Microk8s: Unable to enable kubeflow using channel 1.16/edge/kubeflow

Created on 24 Oct 2019  路  32Comments  路  Source: ubuntu/microk8s

microk8s_kubeflow.txt
Please run microk8s.inspect and attach the generated tarball to this issue.

We appreciate your feedback. Thank you for using microk8s.
I am using the 1.16/edge/kubeflow channel and when i try microk8s.enable kubeflow the command hangs at this step

 microk8s.enable kubeflow
Enabling dns...
Enabling storage...
Enabling dashboard...
Enabling juju...
Deploying Kubeflow...

Any suggestion on how can i troubleshoot this ?

All 32 comments

Hi @praveen049

Could you attach here the tarball created by microk8s.inspect. Could you also share the logs you get with microk8s.juju debug-log -n 2000. @knkski can you think of anything else it could help us figure out what might be wrong here?

@ktsakalozos

Attaching it here.
inspection-report-20191024_054807.tar.gz

microk8s.juju debug-log -n 2000 gives ERROR Gateway Timeout.
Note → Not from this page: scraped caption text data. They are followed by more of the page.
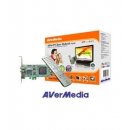 AVerMedia AVerTV Duo Hybrid PCI-E II A188R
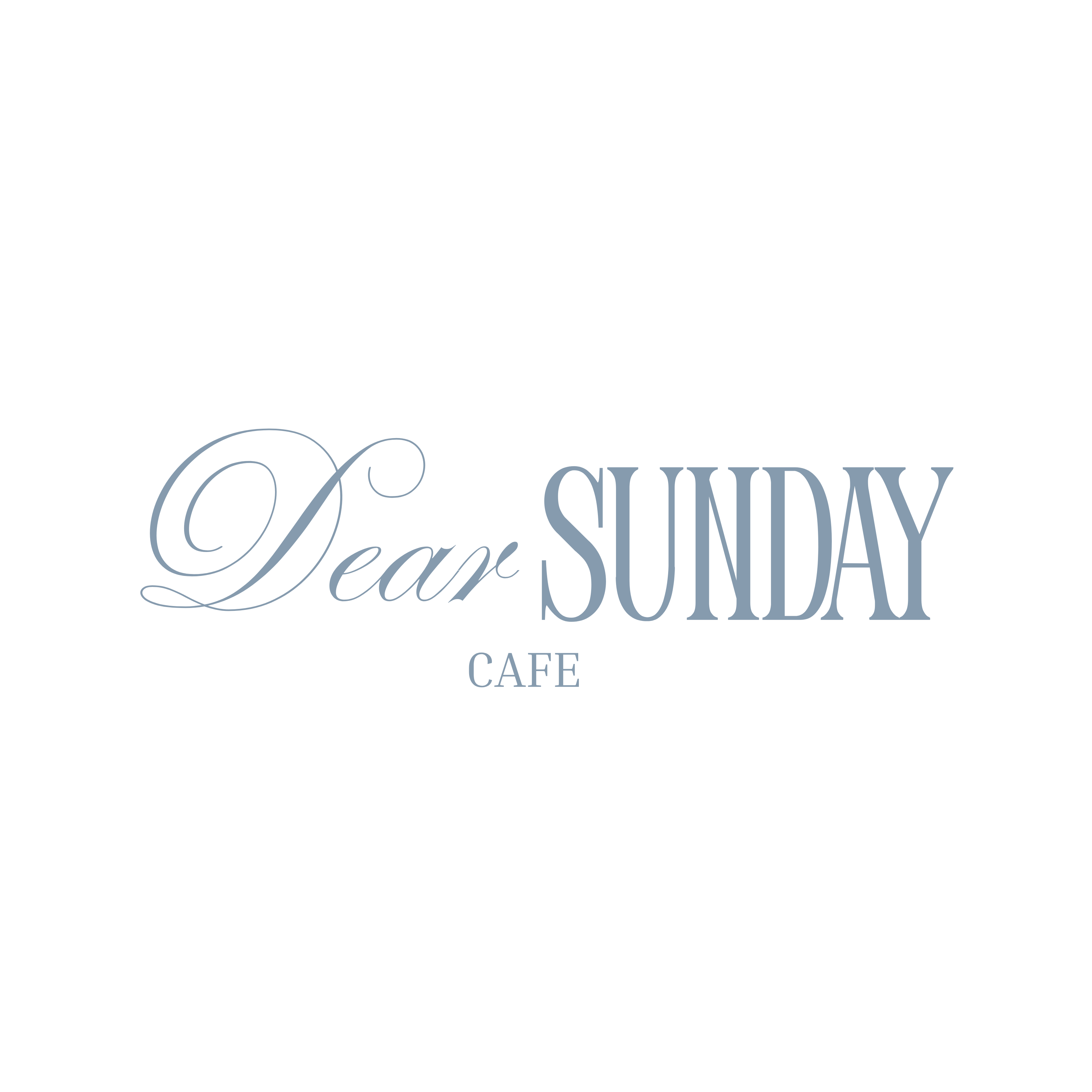 Dear Sunday Cafe in Tallahassee, FL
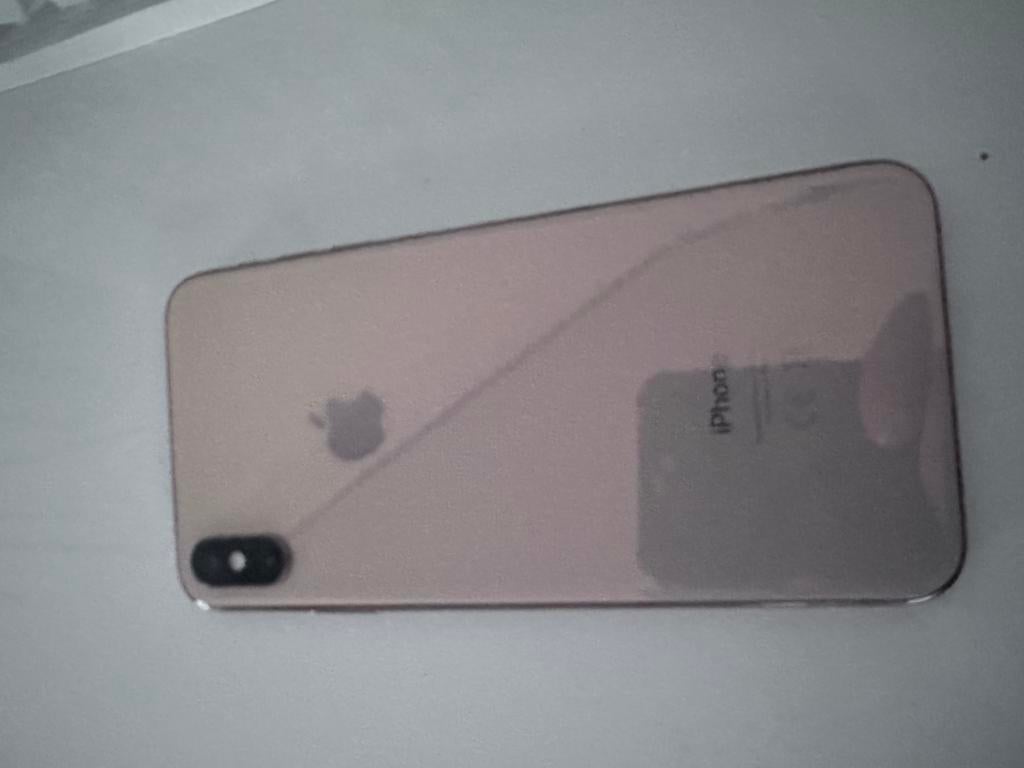 Iphone xs max 64gb, Telecommunicatie, Ophalen, Gebruikt
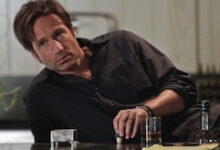 David Duchovny, Californication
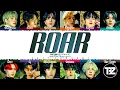 Download Lagu THE BOYZ (더보이즈) - ‘ROAR’ Lyrics [Color Coded_Han_Rom_Eng]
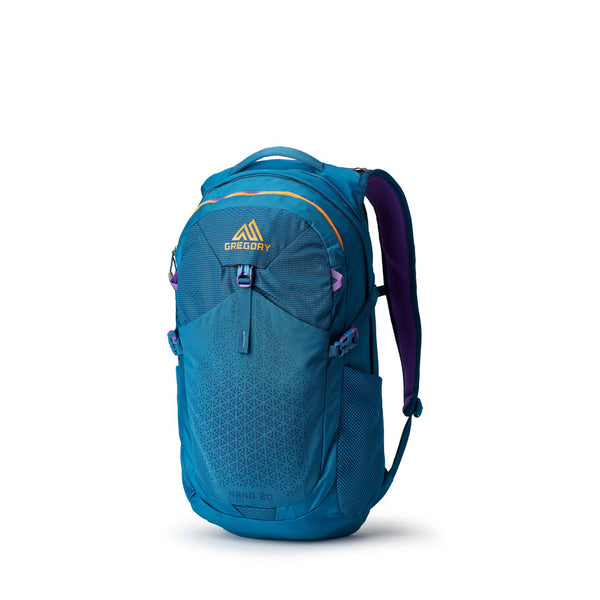 Gregory Nano 20L Backpack Black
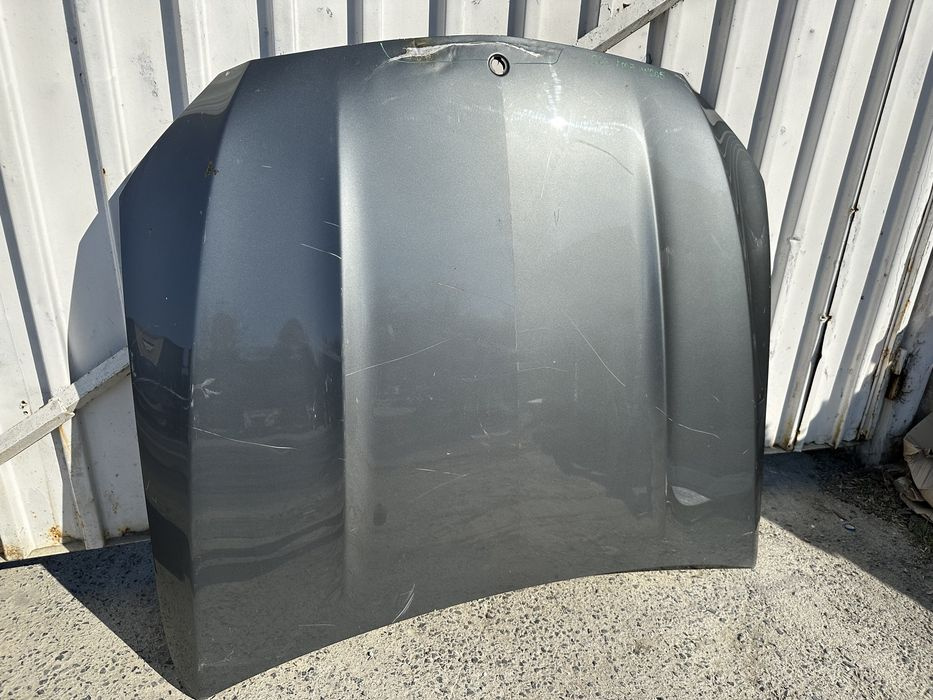 Capota originala Mercedes C63 AMG W205 2014/2020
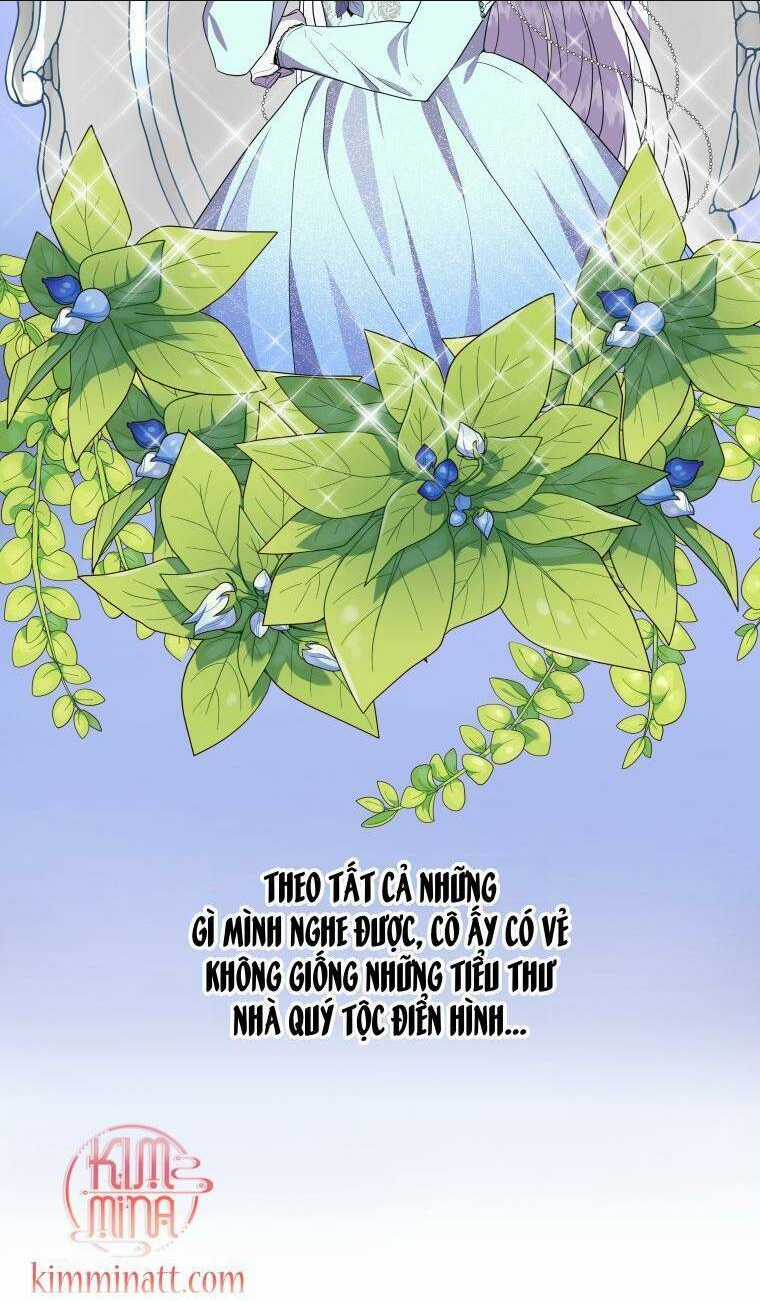 Tôi Đã Đình Công Vì Đã Đến Hạn Chót Chapter 5 trang 24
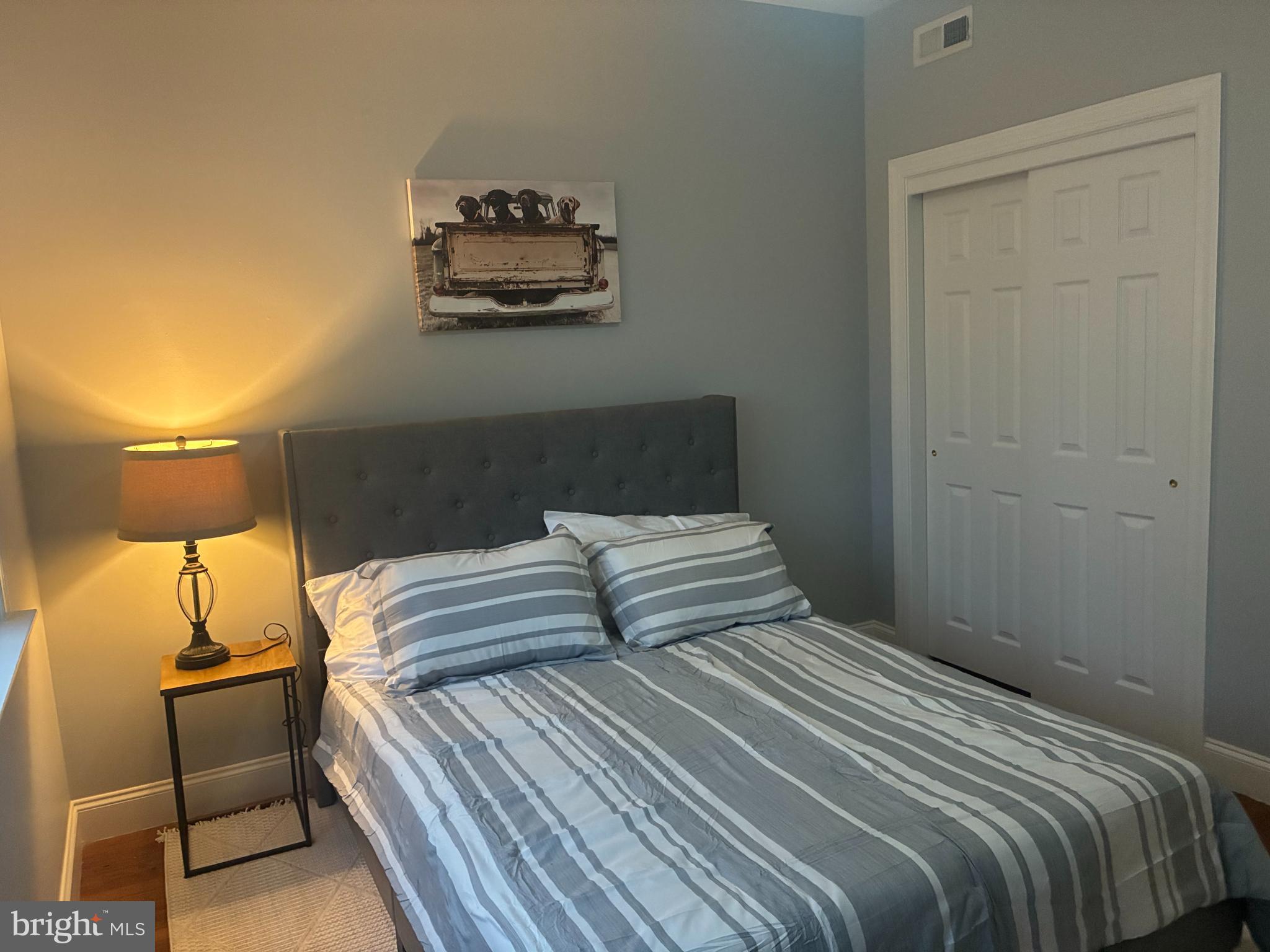 GRADUATE HOSPITAL - Residential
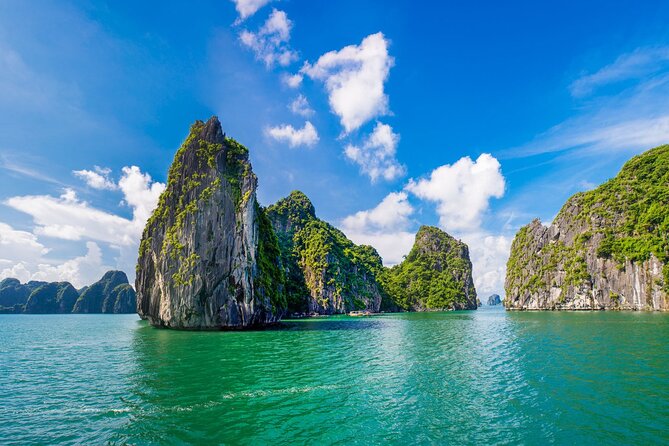Halong Bay Full Day Trip - A Detailed Look at the Halong Bay Full Day Trip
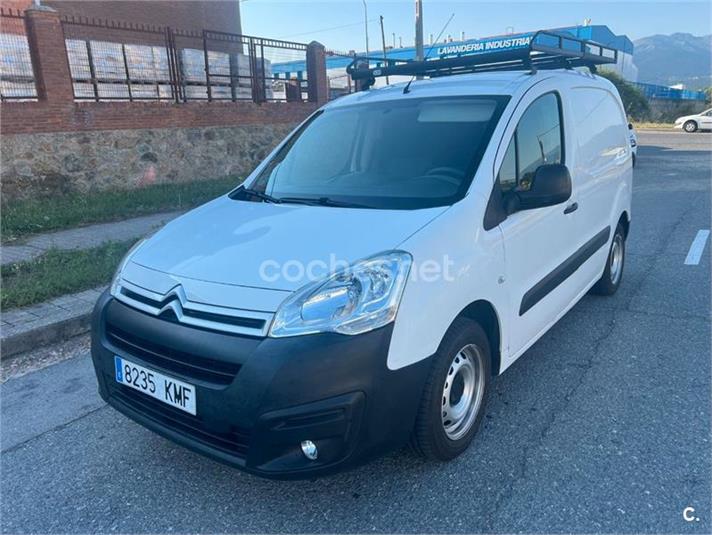 CITROEN Berlingo Multispace LIVE BlueHDi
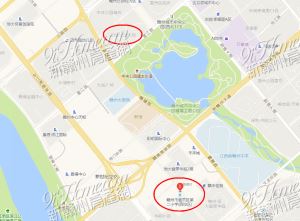 赣州云星·公园大观小区属于章贡二小西校区的学区！
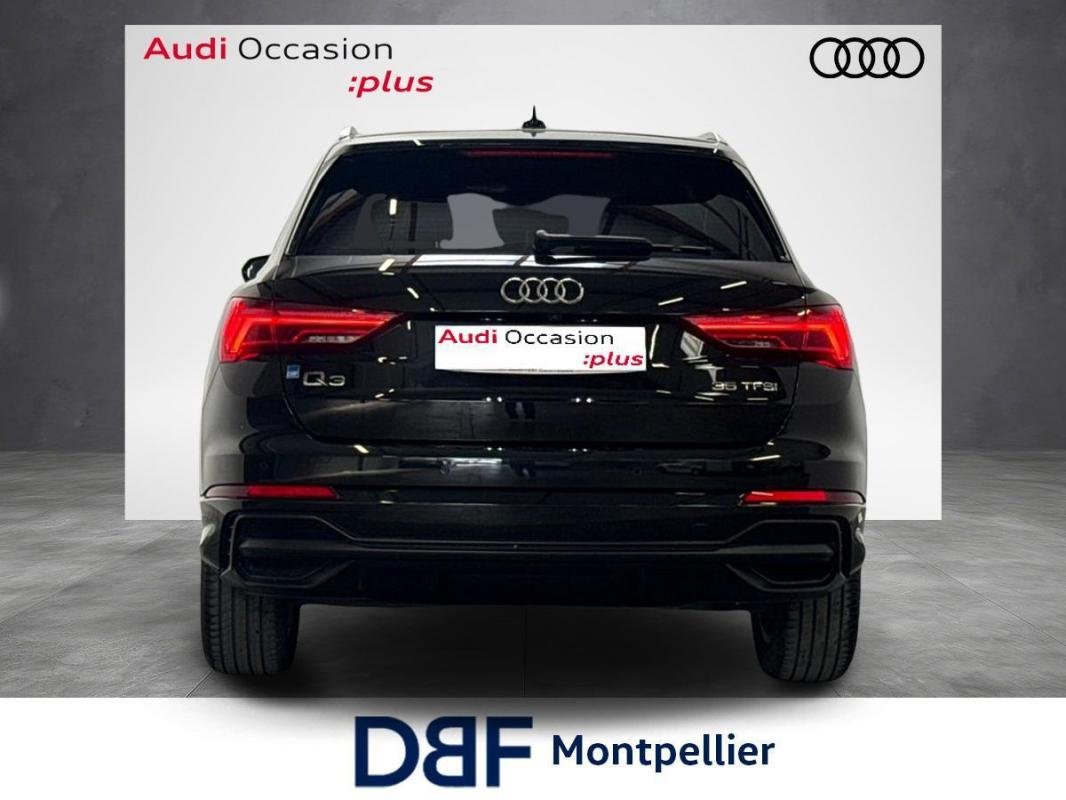 Audi Q3 - Photo 4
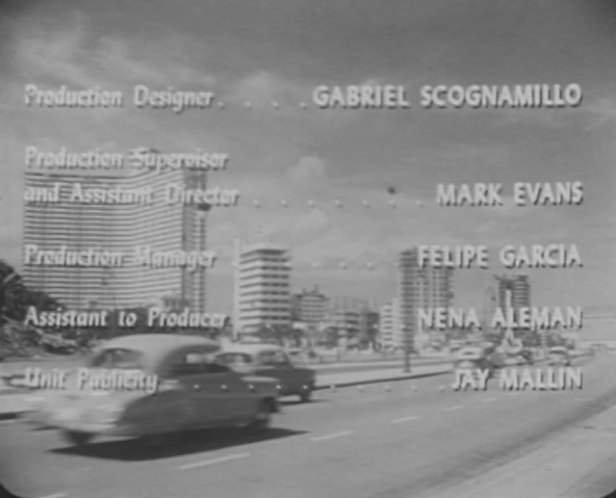 Chevrolet Styleline De Luxe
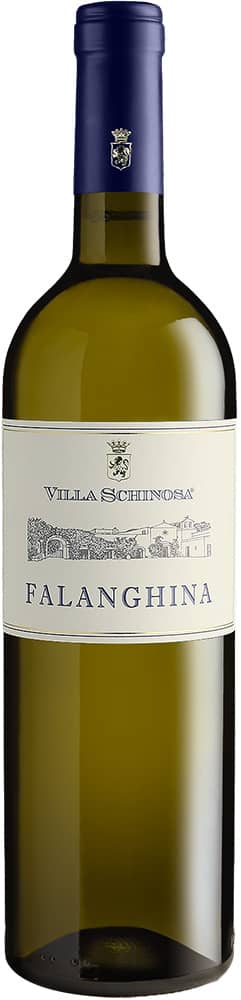 2024 Falanghina Puglia IGP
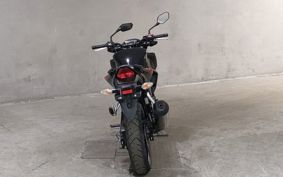 HONDA CB250 MC43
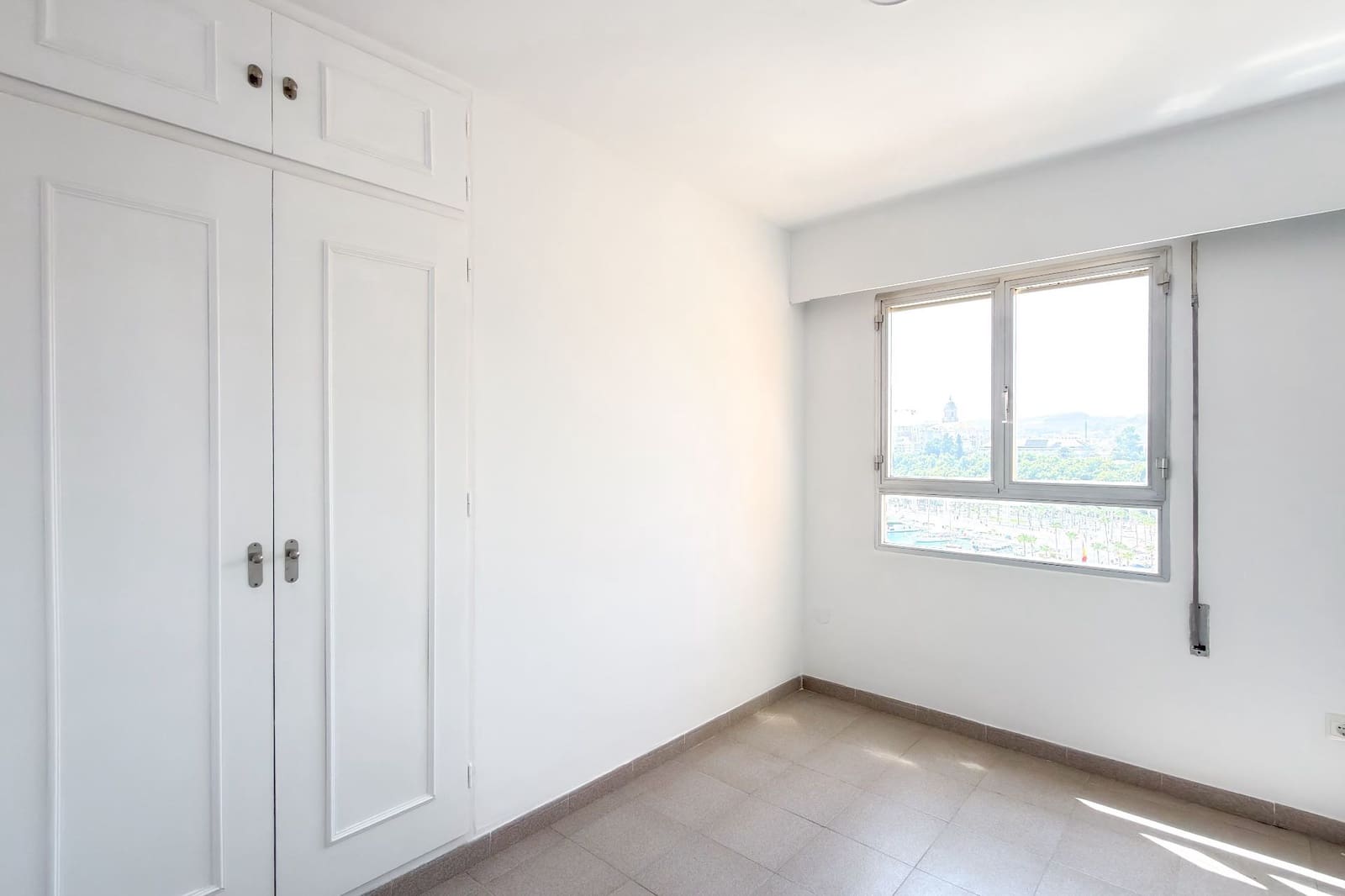 3 camera da letto Appartamento in vendita in Malaga citta - 650.000 € (Rif: 9986351)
I am behind a proxy and no_proxy is set correctly.

@ktsakalozos

Any suggestions on how i can troubleshoot this issue ?

Thanks

@praveen049: Are you able to run any microk8s.juju commands at all? Can you post microk8s.juju status if it runs successfully?

@knkski
i have tried couple of commands
microk8s.juju status and microk8s.juju users and they both hang

@praveen049: Can you try microk8s.juju status --debug and see if you get any output? Otherwise, can you post the logs from the juju controller pod?

@knkski

Output of microk8s.juju status -debug

(base) sims@kubeflow:~$ microk8s.juju status --debug
04:47:50 INFO聽 juju.cmd supercommand.go:79 running juju [2.7-rc1聽 gc go1.10.4]
04:47:50 DEBUG juju.cmd supercommand.go:80 聽 args: []string{"/var/snap/microk8s/946/bin/juju", "status", "--debug"}
04:47:50 INFO聽 juju.juju api.go:67 connecting to API addresses: [10.152.183.246:17070]

The output of kubectl describe pods -n controller-uk8s is attached
juju_pod2.txt

@praveen049: Can you also post the logs from that pod? It looks like it's running normally.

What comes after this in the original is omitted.